At almost 70 hours, Latham is not concerned with the number on the scale or by clothing size.

“Another important shift is how I define progress,” she said. “After 50 it is not about weight or appearance – it is about strength, energy, balance and staying independent.”

That is why she focuses on functional fitness:

  • Farmer’s Walks walking with weights in each hand, to test total body strength and grip endurance
  • Box jumps – jump every week on a box for a box to support bone density
  • Balance exercises using a vibration plate-a platform that vibrates, which she believes to challenge coordination and stabilizer muscles in ways that support mobility in the long term “

“These are not flashy exercises, but they are useful,” she said. “They help me do the things that matter well, stay-free and live completely with energy and strength.”

“My advice is simple: start where you are. You don’t have to be in top form or know exactly what you are doing,” she said. Denisproduction.com – Stock.adobe.com

Make it fun

So we have established that Latham is an absolute fitness machine – but what words of wisdom do they have for people who, well, don’t?

“My advice is simple: start where you are.

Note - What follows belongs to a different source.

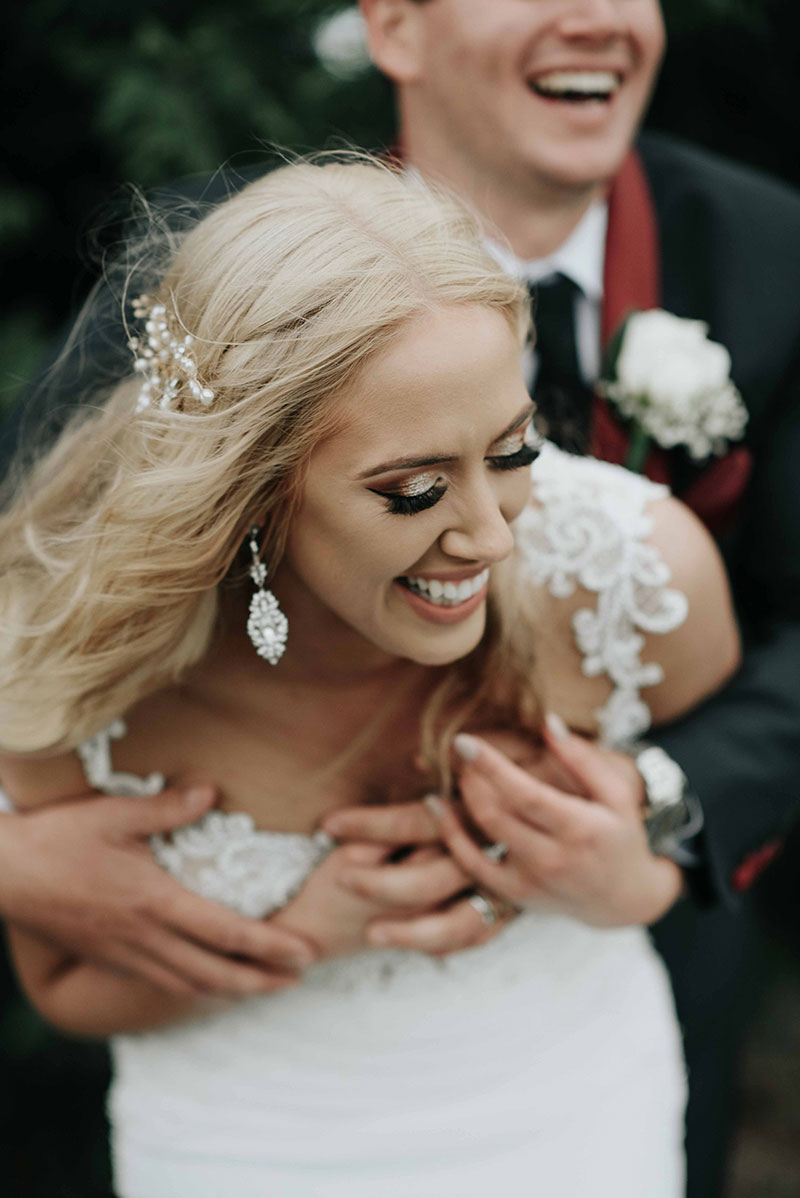 Happy bride and groom laughing.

You don’t have to be in top form or know exactly what you are doing,” she said.

“One class, one walk, a deliberate choice to move your body, that is enough to build a routine. It’s not about diving into the deep. It is about creating Momentum in a way that feels executable.”

And while you are busy: why wouldn’t you make it fun?

“You are worth the investment of time and money in yourself!” she said. “This is about your health, your energy and your ability to live the life you want.” rawpixel.com – Stock.adobe.com

“I also believe in doing what you like,” she said. “That is one of the reasons why we designed Orangetheory to be compelling and community-controlled your training feels uplifting and less like a job, you are more likely to keep coming back.”

Finding a good community that will support you, encourages you and encourages you can make the difference.

Moreover, you can pick some of the neuroprotective benefits of social interaction while stimulating your lifespan.

The most important thing is – if you start cutting something, let it not be something as important as your health and well -being.

“You are worth the investment of time and money in yourself!” she said. “This is about your health, your energy and your ability to live the life you want.”